Are we even capable of escaping our postmodern perplexity, in which we are so comfortable? While the intellectuals amongst us ask untranslatable questions about ‘narratives’ and ‘counterhegemonic values’, a Filipino Marxist activist in our group relates easily to the necessity to urgently develop a coherent and functional political system on these new values. But can we even relate to her? Aren’t we, European and American intellectuals, truly more evolved in our rejection of such simplistic narratives?
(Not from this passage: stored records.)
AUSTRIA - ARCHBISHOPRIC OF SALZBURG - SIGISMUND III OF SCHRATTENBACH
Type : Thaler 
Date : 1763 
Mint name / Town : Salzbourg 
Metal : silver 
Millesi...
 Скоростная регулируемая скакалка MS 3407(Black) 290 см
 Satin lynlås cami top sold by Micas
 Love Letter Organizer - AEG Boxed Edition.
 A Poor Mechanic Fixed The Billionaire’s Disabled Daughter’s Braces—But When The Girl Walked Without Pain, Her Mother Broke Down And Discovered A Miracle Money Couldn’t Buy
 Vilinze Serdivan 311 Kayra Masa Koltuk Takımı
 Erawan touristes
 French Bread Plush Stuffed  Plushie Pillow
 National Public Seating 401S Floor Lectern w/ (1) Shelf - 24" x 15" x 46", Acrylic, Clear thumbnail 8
Could we honestly return to them without it being a sign of intellectual regression?
The ‘minister’ of women’s affairs of Cezire, after detailing how, by law and awareness-raising activities, and the occasional institutional set-up their limited finances allow, they enforce strict equality between men and women, and have taken concrete measures to empower the latter, draws the line when we ask about contraceptive measures available to unmarried women. We do not accept sexual relations before marriage, this very liberated and eloquent Kurdish woman tells us. Can we honestly relate to that, without caving in to some kind of politically correct cultural relativism, that, we feel, has done more damage than good?
Don’t get me wrong. I’m not saying that we actually found duplicity or hypocrisy in the objectives, strategies and activities of our interlocutors. But on our first day we couldn’t really investigate whether they were there. We know that in the early days of autonomous Rojava, the PYD imprisoned many of its political opponents, making others flee across the border into Iraqi Kurdistan. But could that be avoided in a society at war? In that sense, pace Amnesty International, one can even understand a certain degree of violence exerted by an army when faced with hostile population groups in the middle of a war. We met enough Arabs who were engaged in the Rojava revolution alongside the Kurds to prove that, in fact, one cannot speak of ‘ethnic cleansing’.
What we really faced was our own incredulity, our incapacity to believe in such a radical transformation of society, that we so ardently hope for – otherwise we would not be here, in Rojava, as part of this delegation.